In conclusion, we hope that our proposed framework – which conceptualizes deprescribing as a behavior influenced by many factors across social-ecological levels – will serve to improve the design and interpretation of observational studies examining determinants, risks, and benefits of deprescribing specific medications in older NH residents. Potential limitations include the focus on observational studies using routinely collected healthcare data. Although we did not incorporate data from qualitative studies in our summary, we did provide a comprehensive overview of existing deprescribing frameworks which informed the proposed framework.

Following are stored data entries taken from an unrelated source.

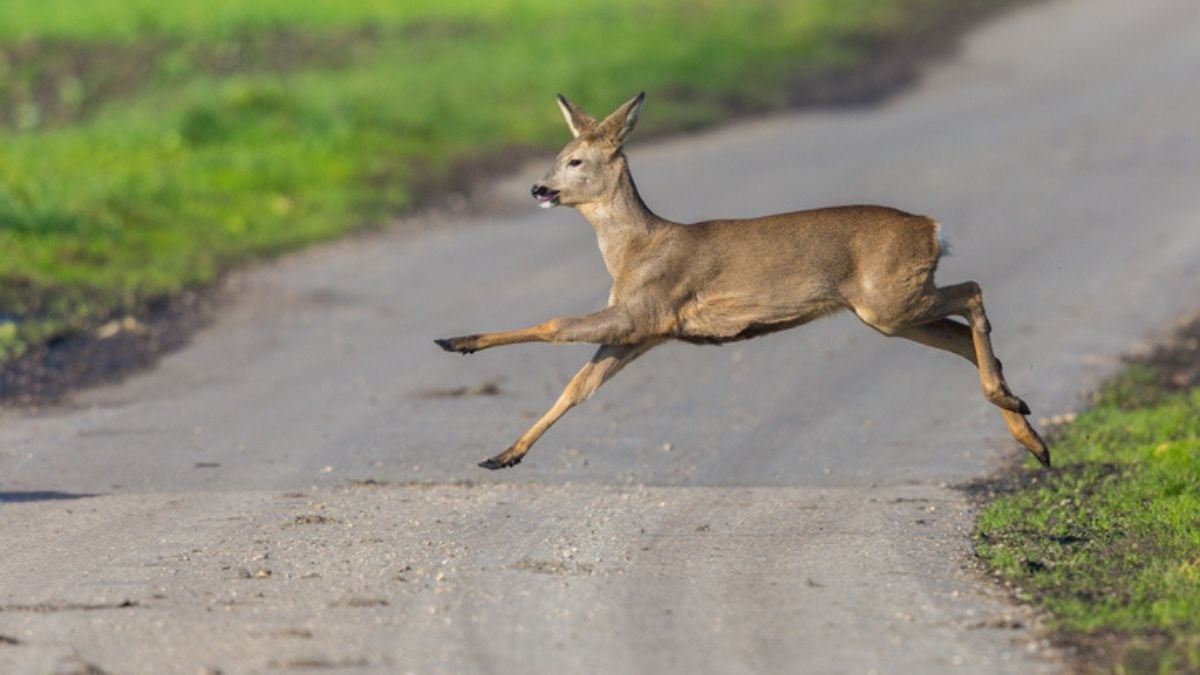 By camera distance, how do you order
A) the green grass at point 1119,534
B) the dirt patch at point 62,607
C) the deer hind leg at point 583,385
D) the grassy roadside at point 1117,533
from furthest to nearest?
the deer hind leg at point 583,385 → the dirt patch at point 62,607 → the green grass at point 1119,534 → the grassy roadside at point 1117,533

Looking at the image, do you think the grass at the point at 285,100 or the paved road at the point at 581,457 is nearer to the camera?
the paved road at the point at 581,457

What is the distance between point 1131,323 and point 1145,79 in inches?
413

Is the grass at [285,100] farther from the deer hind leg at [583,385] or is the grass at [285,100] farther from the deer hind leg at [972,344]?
the deer hind leg at [972,344]

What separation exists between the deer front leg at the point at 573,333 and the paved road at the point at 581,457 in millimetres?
778

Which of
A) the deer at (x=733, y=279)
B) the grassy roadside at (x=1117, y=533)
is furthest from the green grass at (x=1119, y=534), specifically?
the deer at (x=733, y=279)

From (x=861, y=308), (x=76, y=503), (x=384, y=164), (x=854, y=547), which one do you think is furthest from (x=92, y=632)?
(x=384, y=164)

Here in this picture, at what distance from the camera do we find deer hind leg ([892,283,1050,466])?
9.59 m

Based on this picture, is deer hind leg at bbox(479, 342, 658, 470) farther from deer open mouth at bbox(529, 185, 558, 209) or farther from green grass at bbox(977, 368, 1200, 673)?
green grass at bbox(977, 368, 1200, 673)

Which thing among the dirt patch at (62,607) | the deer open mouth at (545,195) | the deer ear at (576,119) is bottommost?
the dirt patch at (62,607)

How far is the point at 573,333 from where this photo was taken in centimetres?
940

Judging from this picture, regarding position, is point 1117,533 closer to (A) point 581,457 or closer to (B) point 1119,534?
(B) point 1119,534

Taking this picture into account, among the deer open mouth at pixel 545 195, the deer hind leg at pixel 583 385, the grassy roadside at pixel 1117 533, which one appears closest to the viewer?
the grassy roadside at pixel 1117 533

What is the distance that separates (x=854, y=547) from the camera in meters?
8.58

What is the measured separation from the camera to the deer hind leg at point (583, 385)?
31.2 feet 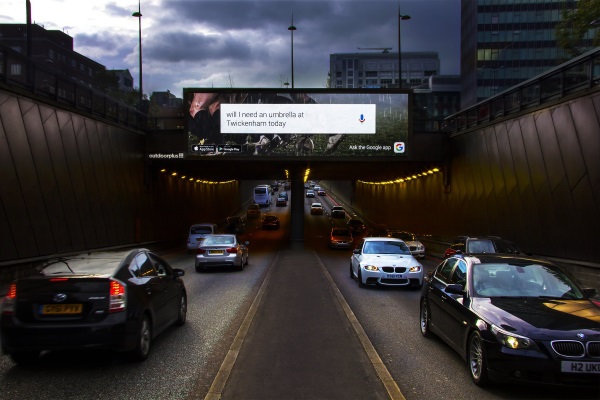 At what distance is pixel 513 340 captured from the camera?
5.18m

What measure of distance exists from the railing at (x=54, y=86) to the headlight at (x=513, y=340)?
15.7 metres

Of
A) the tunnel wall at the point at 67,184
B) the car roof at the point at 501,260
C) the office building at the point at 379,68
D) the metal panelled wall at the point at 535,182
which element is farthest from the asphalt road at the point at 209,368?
the office building at the point at 379,68

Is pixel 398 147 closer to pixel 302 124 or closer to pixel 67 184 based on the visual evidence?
pixel 302 124

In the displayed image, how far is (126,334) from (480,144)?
21903 millimetres

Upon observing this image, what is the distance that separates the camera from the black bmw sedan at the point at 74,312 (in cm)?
594

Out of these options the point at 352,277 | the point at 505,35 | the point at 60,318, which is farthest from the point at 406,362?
the point at 505,35

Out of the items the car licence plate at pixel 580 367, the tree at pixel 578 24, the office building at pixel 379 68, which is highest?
the office building at pixel 379 68

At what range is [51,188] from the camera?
17781 mm

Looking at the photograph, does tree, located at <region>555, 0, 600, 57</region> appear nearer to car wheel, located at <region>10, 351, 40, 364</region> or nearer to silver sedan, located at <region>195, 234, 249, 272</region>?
silver sedan, located at <region>195, 234, 249, 272</region>

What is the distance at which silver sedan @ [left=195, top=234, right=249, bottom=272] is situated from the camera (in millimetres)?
18938

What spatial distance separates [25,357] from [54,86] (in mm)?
15232

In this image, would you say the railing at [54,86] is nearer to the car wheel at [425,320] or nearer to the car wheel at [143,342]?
the car wheel at [143,342]

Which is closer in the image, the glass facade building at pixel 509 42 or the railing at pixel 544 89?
the railing at pixel 544 89

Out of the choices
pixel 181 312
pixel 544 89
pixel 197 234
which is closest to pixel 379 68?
pixel 197 234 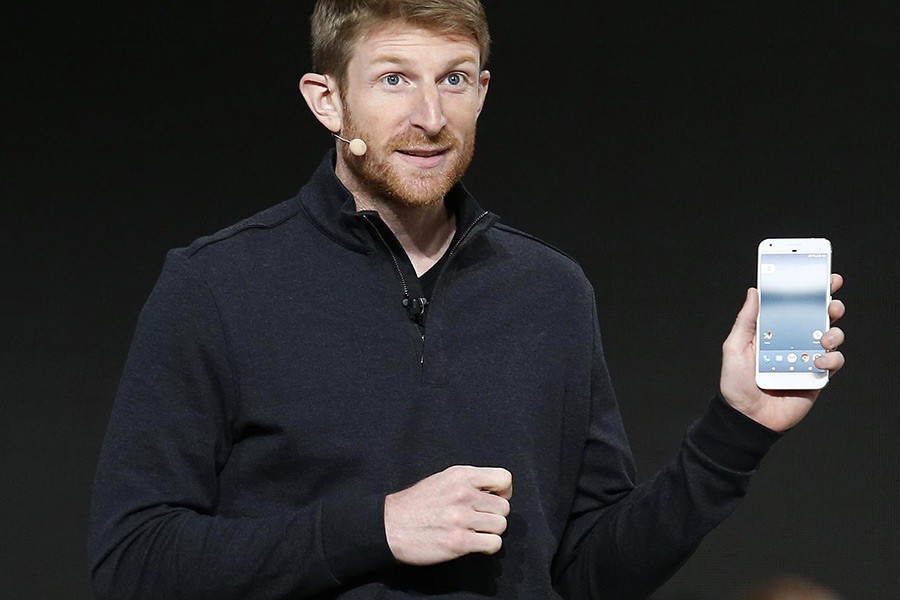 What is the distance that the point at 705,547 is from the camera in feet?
8.50

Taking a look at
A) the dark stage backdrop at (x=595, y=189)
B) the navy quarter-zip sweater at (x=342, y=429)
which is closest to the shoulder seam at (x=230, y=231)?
the navy quarter-zip sweater at (x=342, y=429)

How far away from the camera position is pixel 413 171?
1.37 m

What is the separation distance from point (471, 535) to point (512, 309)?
0.31m

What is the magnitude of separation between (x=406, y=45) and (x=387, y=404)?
0.35 m

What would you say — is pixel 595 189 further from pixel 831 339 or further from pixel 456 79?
pixel 831 339

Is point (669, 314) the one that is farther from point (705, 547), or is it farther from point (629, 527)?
point (629, 527)

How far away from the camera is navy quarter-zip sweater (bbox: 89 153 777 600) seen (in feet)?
4.14

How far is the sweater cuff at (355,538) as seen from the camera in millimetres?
1218

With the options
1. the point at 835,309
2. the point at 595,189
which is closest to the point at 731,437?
the point at 835,309

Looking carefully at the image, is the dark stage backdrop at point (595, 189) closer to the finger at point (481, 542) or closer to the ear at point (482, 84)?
the ear at point (482, 84)

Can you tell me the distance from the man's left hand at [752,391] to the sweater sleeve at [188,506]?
0.36 meters

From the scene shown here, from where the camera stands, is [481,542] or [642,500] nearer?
[481,542]

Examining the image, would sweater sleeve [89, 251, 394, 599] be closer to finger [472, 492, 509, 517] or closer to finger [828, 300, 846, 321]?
finger [472, 492, 509, 517]

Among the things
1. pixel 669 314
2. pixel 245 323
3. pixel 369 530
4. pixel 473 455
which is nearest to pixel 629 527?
pixel 473 455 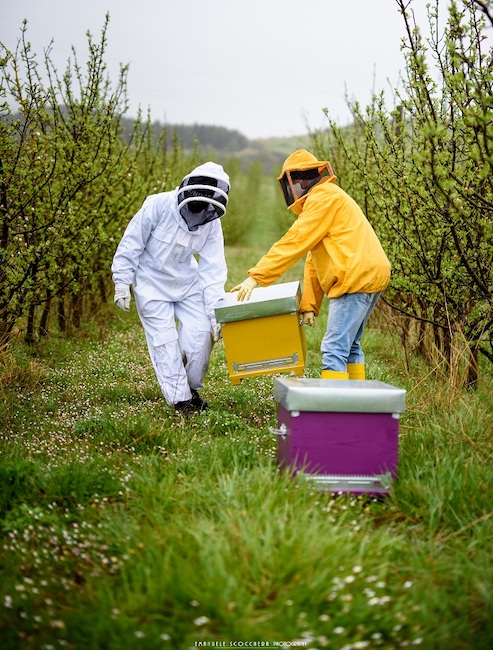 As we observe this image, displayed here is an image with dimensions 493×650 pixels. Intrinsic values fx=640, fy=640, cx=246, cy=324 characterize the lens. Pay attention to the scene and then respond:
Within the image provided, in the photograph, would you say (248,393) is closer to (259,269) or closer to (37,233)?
(259,269)

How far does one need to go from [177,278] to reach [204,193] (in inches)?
32.4

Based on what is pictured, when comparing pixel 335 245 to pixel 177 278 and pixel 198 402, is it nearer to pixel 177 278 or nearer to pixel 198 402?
pixel 177 278

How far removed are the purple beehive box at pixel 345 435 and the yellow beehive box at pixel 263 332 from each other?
1.03m

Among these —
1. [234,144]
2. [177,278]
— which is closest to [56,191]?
[177,278]

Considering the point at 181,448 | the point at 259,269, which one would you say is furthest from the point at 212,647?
the point at 259,269

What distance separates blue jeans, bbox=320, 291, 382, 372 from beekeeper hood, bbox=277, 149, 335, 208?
0.85m

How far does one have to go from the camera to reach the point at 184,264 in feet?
18.1

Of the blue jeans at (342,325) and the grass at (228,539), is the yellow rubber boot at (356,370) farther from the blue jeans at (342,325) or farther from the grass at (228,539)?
the grass at (228,539)

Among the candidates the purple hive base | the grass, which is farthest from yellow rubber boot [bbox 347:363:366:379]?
the purple hive base

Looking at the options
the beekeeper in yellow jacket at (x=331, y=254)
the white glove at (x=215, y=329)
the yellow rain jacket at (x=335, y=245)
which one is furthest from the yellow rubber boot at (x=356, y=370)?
the white glove at (x=215, y=329)

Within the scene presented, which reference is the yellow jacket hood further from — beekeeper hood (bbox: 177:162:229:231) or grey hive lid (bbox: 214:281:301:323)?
grey hive lid (bbox: 214:281:301:323)

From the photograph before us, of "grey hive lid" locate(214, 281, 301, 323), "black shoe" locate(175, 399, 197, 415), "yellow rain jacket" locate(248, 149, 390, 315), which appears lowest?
"black shoe" locate(175, 399, 197, 415)

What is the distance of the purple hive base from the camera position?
11.2 ft

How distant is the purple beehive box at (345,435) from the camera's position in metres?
3.38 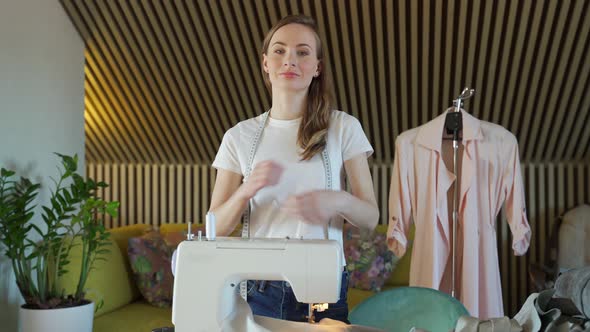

Nevertheless, we feel that our framework can help inform the careful selection and measurement of potential confounders when causal questions about outcomes of deprescribing are posed, as well as provide insights on sources of potential unmeasured confounding that may need to be addressed through study design and/or statistical techniques specifically designed to address unmeasured confounding [11]. In addition, it can help guide investigations to identify key barriers and facilitators of deprescribing in the context of specific medications, settings, and patient populations that can be targeted in deprescribing interventions.